* **Exercise requirements**: What you produce should match the records below precisely, except that images are removed.

* **Extracted records**:
=== Begin Enclosure ===
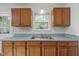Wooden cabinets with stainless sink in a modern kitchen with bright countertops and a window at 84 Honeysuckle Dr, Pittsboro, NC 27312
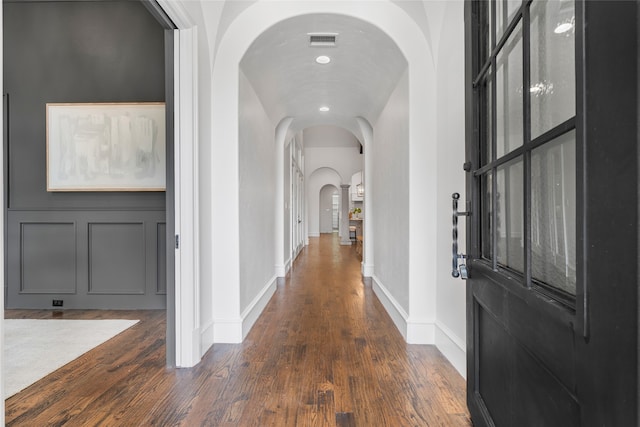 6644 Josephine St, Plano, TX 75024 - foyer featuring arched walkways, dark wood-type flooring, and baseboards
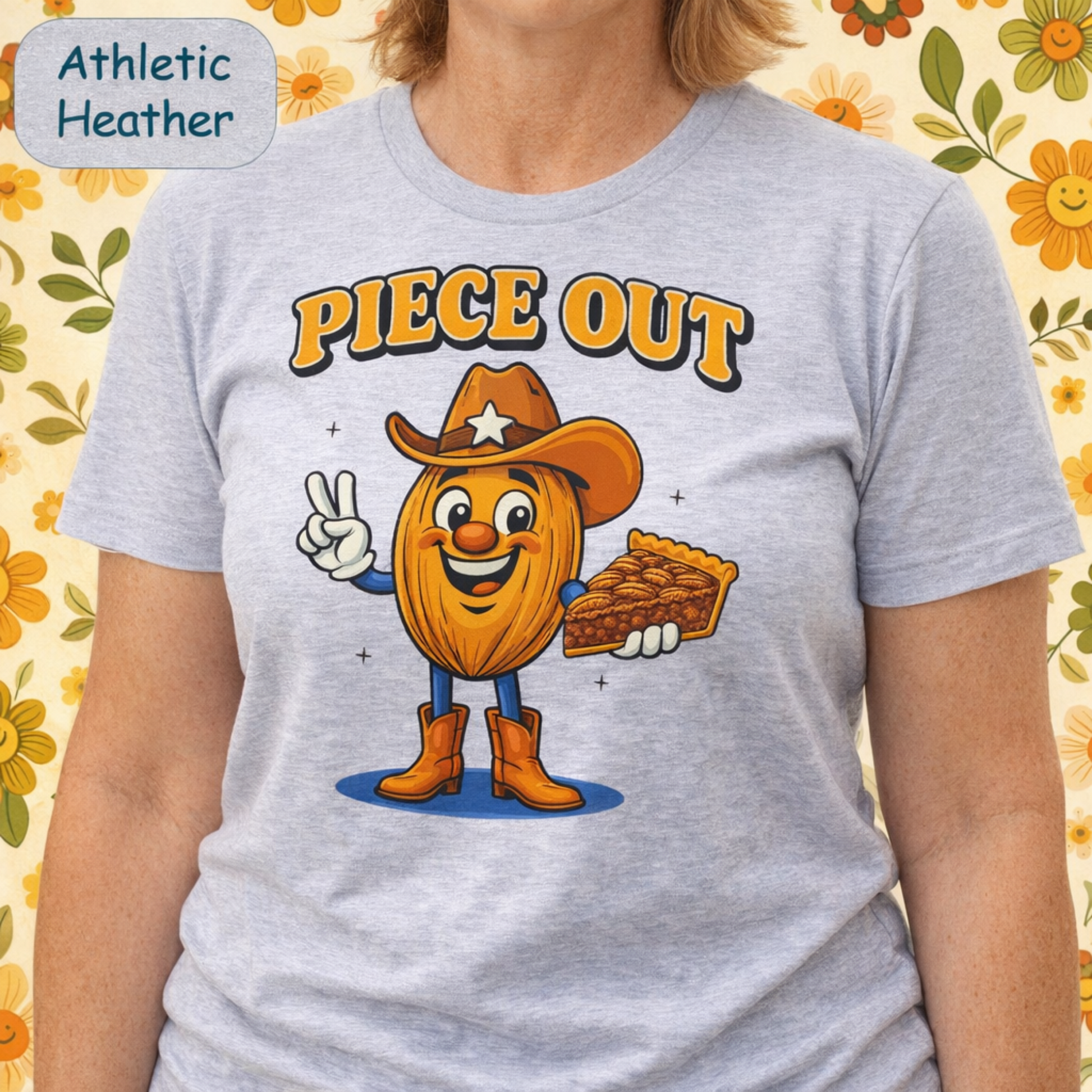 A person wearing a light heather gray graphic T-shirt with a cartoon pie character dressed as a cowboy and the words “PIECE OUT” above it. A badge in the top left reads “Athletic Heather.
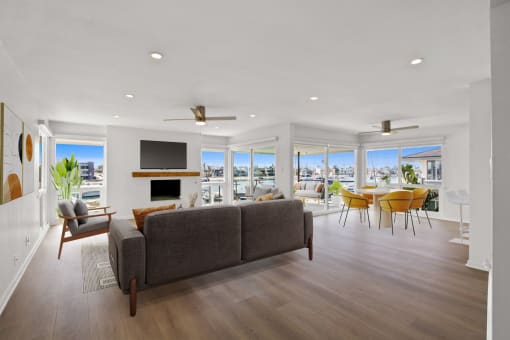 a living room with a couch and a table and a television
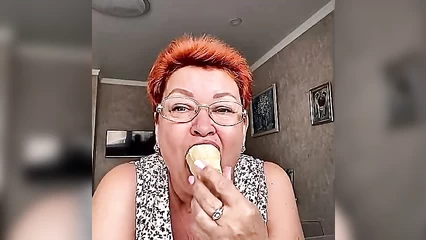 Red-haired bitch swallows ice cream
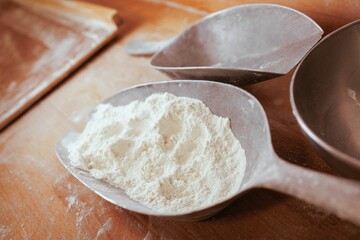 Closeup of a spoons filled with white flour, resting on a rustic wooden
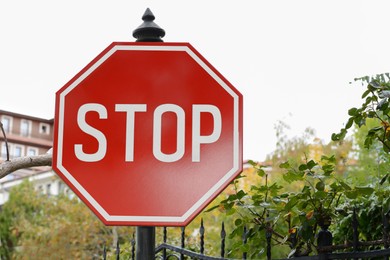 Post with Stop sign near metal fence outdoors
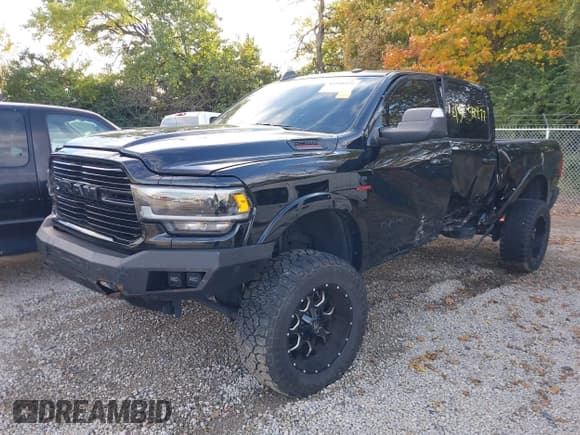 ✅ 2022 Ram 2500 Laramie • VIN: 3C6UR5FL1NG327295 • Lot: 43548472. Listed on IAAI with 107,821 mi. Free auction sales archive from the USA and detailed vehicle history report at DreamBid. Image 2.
=== End Enclosure ===
* **Your solution**:
Wooden cabinets with stainless sink in a modern kitchen with bright countertops and a window at 84 Honeysuckle Dr, Pittsboro, NC 27312
 6644 Josephine St, Plano, TX 75024 - foyer featuring arched walkways, dark wood-type flooring, and baseboards
 A person wearing a light heather gray graphic T-shirt with a cartoon pie character dressed as a cowboy and the words “PIECE OUT” above it. A badge in the top left reads “Athletic Heather.
 a living room with a couch and a table and a television
 Red-haired bitch swallows ice cream
 Closeup of a spoons filled with white flour, resting on a rustic wooden
 Post with Stop sign near metal fence outdoors
 ✅ 2022 Ram 2500 Laramie • VIN: 3C6UR5FL1NG327295 • Lot: 43548472. Listed on IAAI with 107,821 mi. Free auction sales archive from the USA and detailed vehicle history report at DreamBid. Image 2.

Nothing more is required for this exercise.